Although Take Me Out focuses on sports, the story can apply to professionals in other industries, Blue notes. “This is the case for some actors such as Richard Chamberlain. Others wait until their fame has gone past. No one cares that Sulu is gay since he’s no longer manning the bridge on the Enterprise.
“Any story that can tell of people in the spotlight who come out of the closet and say, ‘I’m also gay and just like you, so get over it’ is worth telling,” says Blue.
What stops people like Burke and Bean from coming out on the field, at the height of their careers? Although the general public has accepted the presence of queer people in many sectors of society, there are obviously inroads to be made in the world of professional sports.

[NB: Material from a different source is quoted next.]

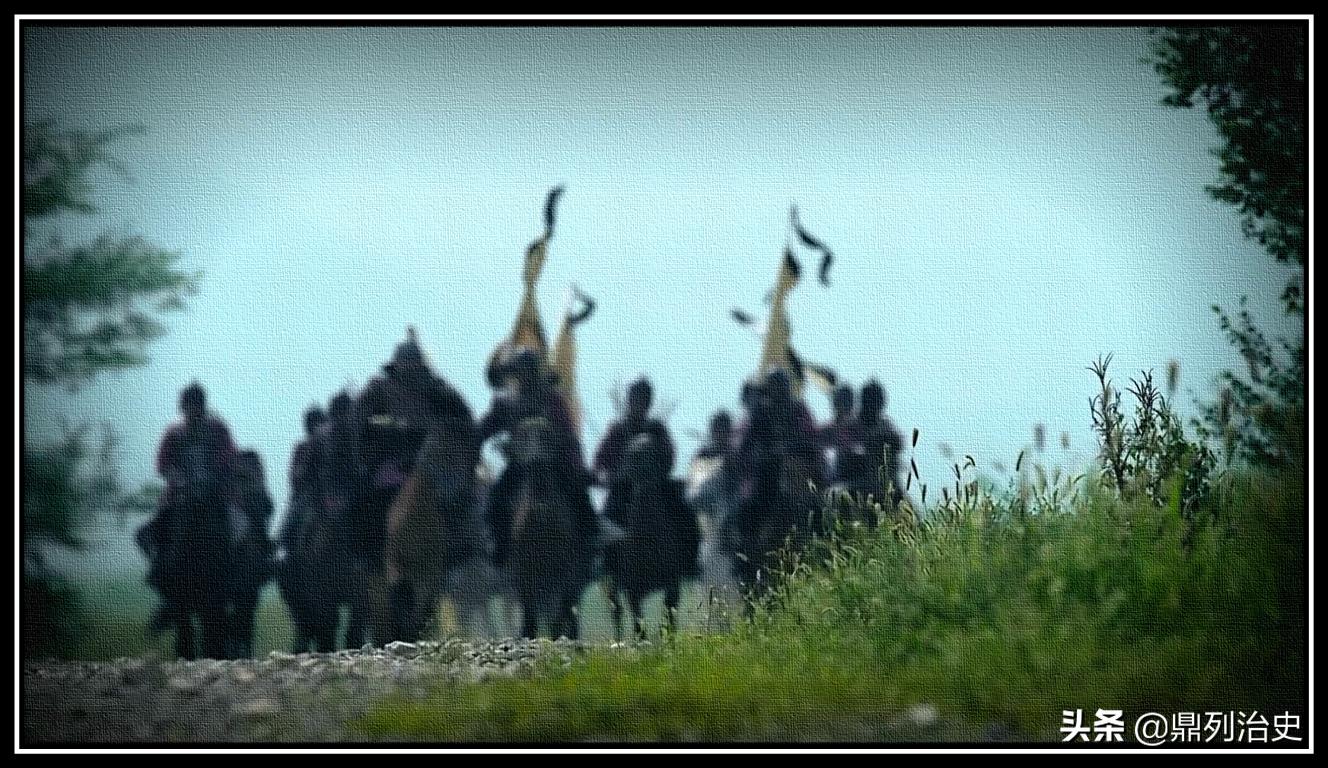 周勃为什么斗不过汉文帝,汉周勃简介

Blue suggests people have certain images of where gay people belong-and professional sports is not one of them. He reflects on the stress and shock that may accompany the first out player. “It’s so hard to be that first. Take someone like me: I took theatre and am a hairdresser, I used to be a dancer. I tell someone I’m gay, it’s not going to be a huge surprise.”
But professional sports such as baseball are still governed by masculine ideals that may preclude a gay element.

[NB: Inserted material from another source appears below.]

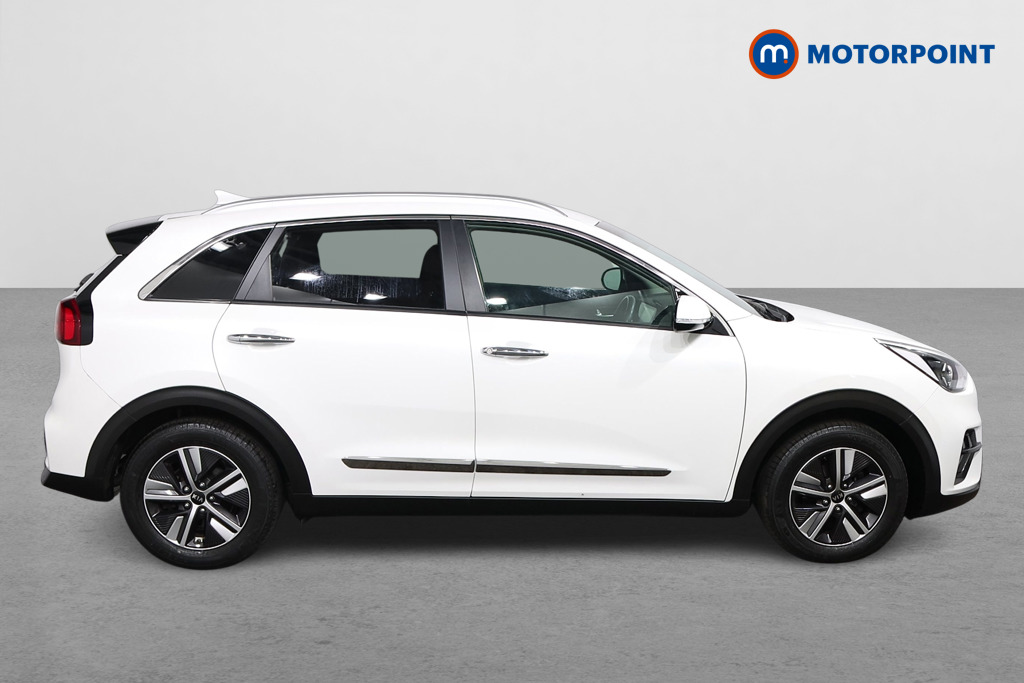 KIA Niro 2 Automatic Petrol Plug-In Hybrid SUV - Stock Number (1575423) - Drivers side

“Since Roman days there has always been this testosterone energy in sports and the people that it appeals to,” says Currie. “Most of these sports figures advertise very masculine things, particularly in their ads and endorsements. They get paid salaries but the money is in endorsements. If a sports guy comes out he can’t necessarily advertise the same things as ‘all American.'”
Robert Duncan, who plays Lemming’s teammate Kippy Sunderstrom and has been actively involved in sports off stage from a young age, says straight athletes may feel threatened by gay ones.
“I think that the thought of a gay male athlete being better than a hetero in those places is viewed as a threat to their heterosexuality and their level of sport.
“Society has become more accepting and more aware of gay people in professional standing,” he adds, “but whether they are ready to accept queers in the sports arena is another thing.”
Back on stage, Lemming’s decision forces the team to rethink the dynamics of the locker room. Is a routine shower just a shower or do players now have to cover up?
“In some sports as soon as you get naked with someone there’s a level of discomfort, especially as you know that he’s gay,” says Duncan. “A lot of straight men look at it as an affront to their sexuality.”
There are three shower scenes in the play, all of which feature full frontal nudity. In one scene, Sunderstrom laments a lost paradise of sorts when everyone was straight. A time when men could unabashedly snap each other with towels or pat each other on the ass without it being gay or sexual.
“Now that one of them has come out as gay they are all questioning their behaviour,” explains Blue.
“I’ve never done nudity on stage before and it makes me nervous,” Duncan confides. Still, he says, “it’s important that we are naked as it changes how we deal with each other.”
Blue feels it’s a realistic portrayal of a baseball shower scene, “although it does lack water.”